Hoy en día, cualquier argumentación queda invalidada por estos apasionados de la deconstrucción, que niegan la mayor: niegan que podamos siquiera enunciar una frase sin eructar dos mil años de prejuicios euro-falocéntricos. De lo que no se puede hablar, es mejor callarse. Es decir, baja la cabeza y asiente, porque no tienes derecho a réplica.
La posmodernidad es la Reacción de siempre, pero mejor elaborada, más sutil y seductora. Ha destruido la base de cualquier edificio ideológico liberador. No hay paso adelante. Para ellos, el hombre es un invento, la Razón una manía burguesa y la Ilustración el origen de todo el horror. Por ello, hay que enterrar el vergel posmoderno si queremos volver a avanzar.
Recordemos que sus más entusiastas cultivadores son nuestros amigos los pensantes franceses. Con sus pedanterías, sus complejidades y sus banalidades. Deleuze, Derrida, Lacan, Feyerabend y demás Santa Familia siguieron los postulados de Bergson. Y, tal vez conscientes de su debilidad, decidieron oscurecerlos para ver si así no veíamos sus fallas. Nos dieron textos crípticos, científicamente insostenibles y políticamente deleznables. Pero funcionó. Académicos de todo el mundo se deslumbraron ante ellos y los adoptaron como el espíritu de nuestro tiempo.
Como pequeña toma de contacto contra toda esta nueva escolástica, es muy recomendable Imposturas intelectuales, de los físicos Alan Sokal y Jean Bricmont. Desmenuzan textos de respetados filósofos del siglo XX desde un punto de vista científico, demostrando las incoherencias y errores de las supuestas bases epistemológicas de las que la French Theory se jacta.
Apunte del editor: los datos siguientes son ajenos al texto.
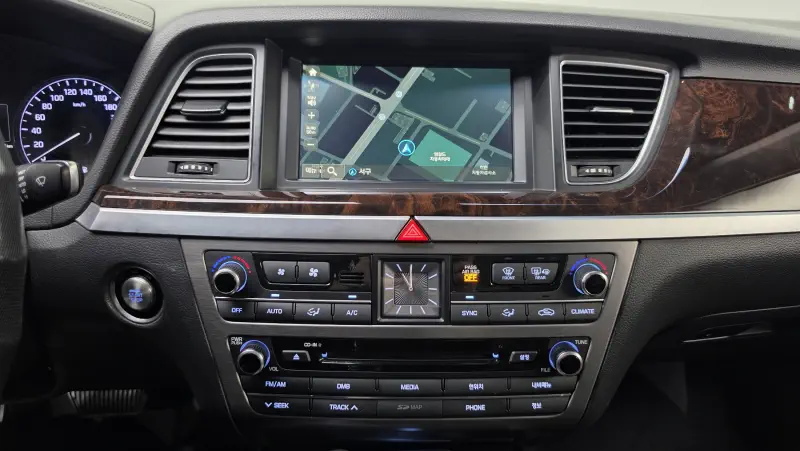 Hyundai Genesis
Los autores aclaran que se limitan estrictamente a señalar las fallas en las argumentaciones científicas, y que eso no supone que el resto de las obras estudiadas no puedan tener su interés. Pero ya es muy difícil creerles a los popes desmenuzados. Produce sonrojo ver a Lacan confundiendo términos matemáticos simples o a Deleuze exponiendo teorías físicas insostenibles. A partir de entonces, va a ser muy difícil interesarse en el resto de sus obras.
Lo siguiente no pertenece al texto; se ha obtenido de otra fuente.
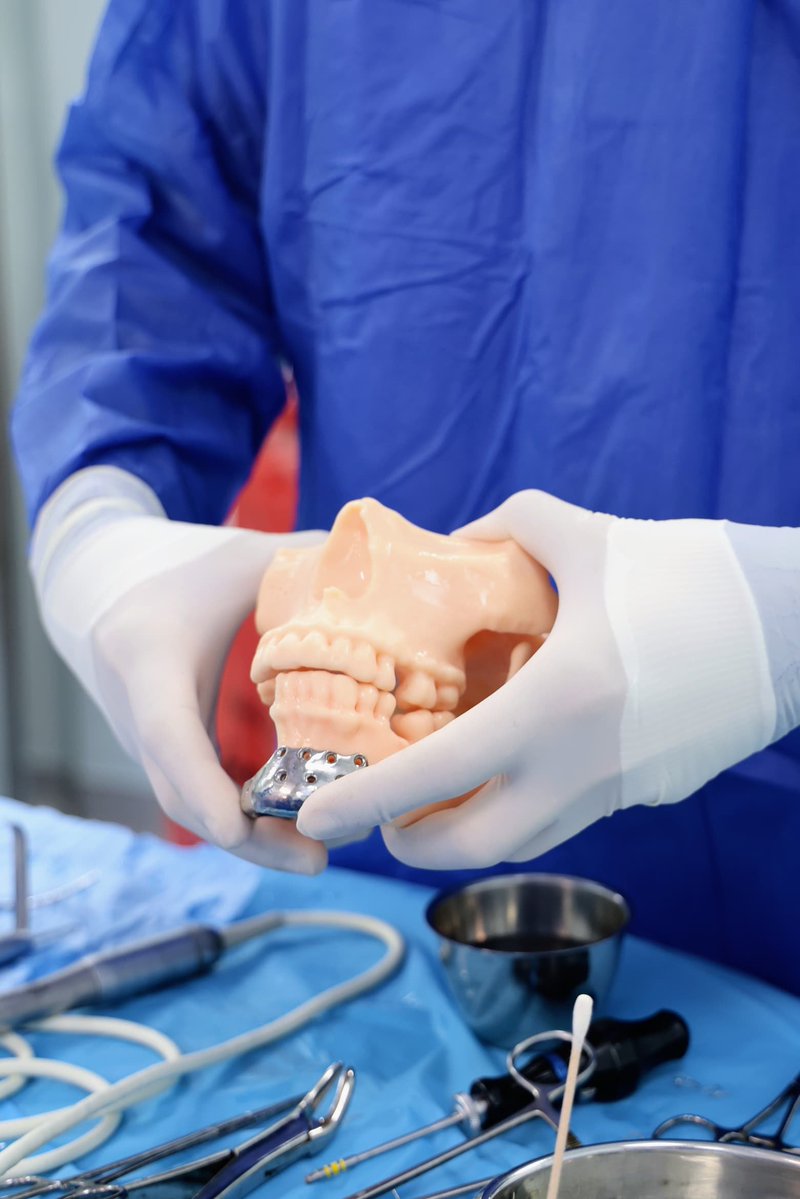 ClinicasColina's tweet photo. Cuando el propósito y la excelencia se unen, lo complejo se transforma en una oportunidad para devolver la salud. Un equipo multidisciplinario realizó con éxito una compleja resección de tumor benigno mandibular y prótesis personalizada a un paciente de 55 años. 💚🏥 https://t.co/sbhxl9W0G3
Seguramente nadie habrá prestado atención a este libro en las facultades de Filosofía. Allí seguirán subvencionando a lectores (in)útiles de Derrida o expertos en la velocidad de Virilio. Imposturas intelectuales es, sin embargo, un libro imprescindible para quitarse cierto complejo de inferioridad ante los supuestos “intelectuales” que esgrimen toda esta jerigonza ininteligible para justificar sus privilegios. El uso groseramente errado del lenguaje científico en las humanidades no es inocente. Se hace para encriptar los discursos, creando una casta de interlocutores avezados en ese idioma, que acaban siendo una suerte de intérpretes celestiales. Y mientras tanto, el auténtico pensamiento —el que tiene que ver con la verdad y el avance de la humanidad— seguirá gestándose en la calle, en la prensa, en Internet, entre activistas y lejos de las universidades. Lo cual no está mal. Hay muchas cosas que se hacen fuera de las academias. Solo que, a veces, se nos olvida.